There are ways you can try to sidestep this—invite a higher-ranking colleague to join you, in hopes they'll pay (and tip properly); get petty cash to use as a tip; suggest meeting in your office over takeout (which you volunteer to pick up)—but they won't solve the problem. I'd encourage you to talk with your boss again (in private, of course) and try to get her to see reason. When she told you about her no-tipping policy, did you and your polite colleague explicitly say it makes you uncomfortable? I'd make that clear, even though it's difficult to convey criticism to your manager. If she brushes off your concerns, I would honestly start thinking about transferring out of her department or to another company.
Q: On my last cruise, we were assigned to a dinner table with a family who had horrible manners. They blew their noses in napkins and told ethnic jokes about the waiters! It honestly affected our enjoyment of the cruise. What should we have done?
A: If your tablemates' manners are just mildly bad—slurping soup, cutting up their entire steak at one time instead of bite by bite—I'd say deal with it. But if they're truly atrocious (and in my book, telling ethnic jokes qualifies as atrocious), you can ask the maitre d' to reseat you. Just speak to him immediately after dinner on the first night, as it's easier to change tables early in the cruise. (This is also why you should never skip dinner in the main dining room on the first night of your cruise—you might get stuck with the tablemates from hell.)

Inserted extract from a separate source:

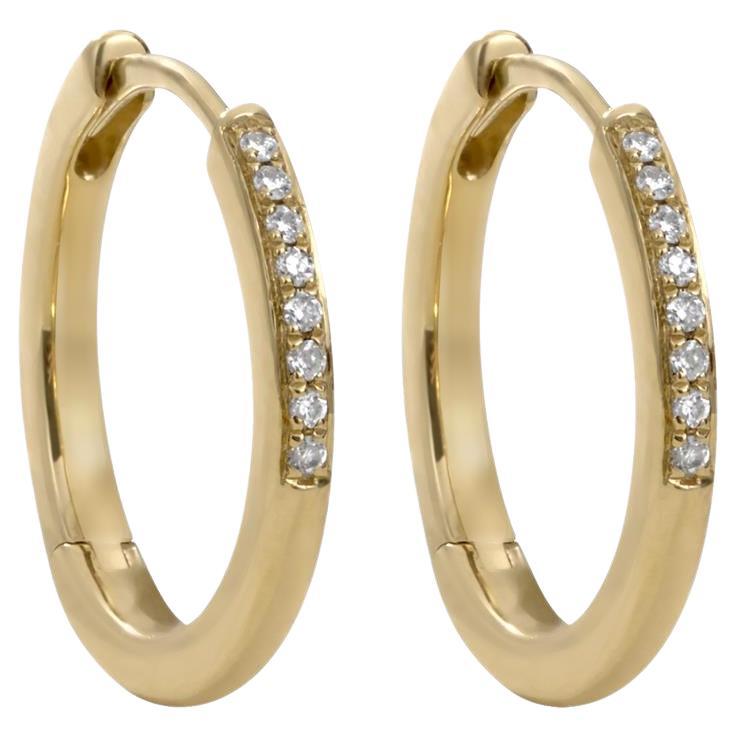 Luxle Natural Diamond Huggie Earrings in 18K Gold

Traffic Jams Onboard an Aircraft? It Can Happen
Q: Can I put my carry-on bag in any overhead bin on the plane, or do I have to use the one over my seat? If I'm in the back of the plane, and I don't need it during the flight, I don't see why I have to carry it up and down the aisle.
A: Sounds innocuous, right? But let's walk through it.

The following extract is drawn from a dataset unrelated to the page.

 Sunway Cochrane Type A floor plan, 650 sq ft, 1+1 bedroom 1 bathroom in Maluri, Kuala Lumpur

Imagine that the passengers from the last three rows on the plane board first and put their bags above rows 1, 2 and 3. The passengers in rows 1, 2 and 3 board, find their overhead compartments full and put their stuff somewhere behind them.
Now it's time to get off the plane. Everyone walks forward. Except we now have 18 people up front who need to move backward to retrieve their bags. Presto—giant human log jam. Deplaning takes longer for everybody… especially the folks in the last three rows.

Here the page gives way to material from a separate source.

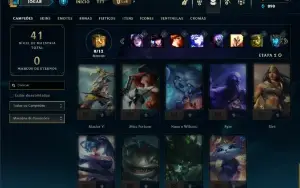 Diamante 4 com 35 Champs e 3 Skins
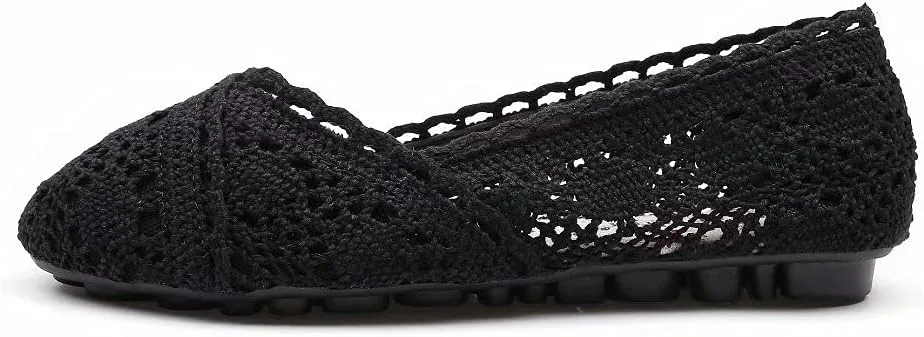 Stunner Women's Cut Out Breathable Lace Ballet Flats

So, stow your stuff above your own seat. If carrying it down the aisle of the plane bothers you, pack lighter.
Lesley Carlin has been writing about travel and etiquette professionally for more than 10 years. As one of the Etiquette Grrls, she is the co-author of "Things You Need to Be Told" and "More Things You Need to Be Told" (Berkley). Have a travel etiquette question of your own? E-mail Lesley at firstname.lastname@example.org.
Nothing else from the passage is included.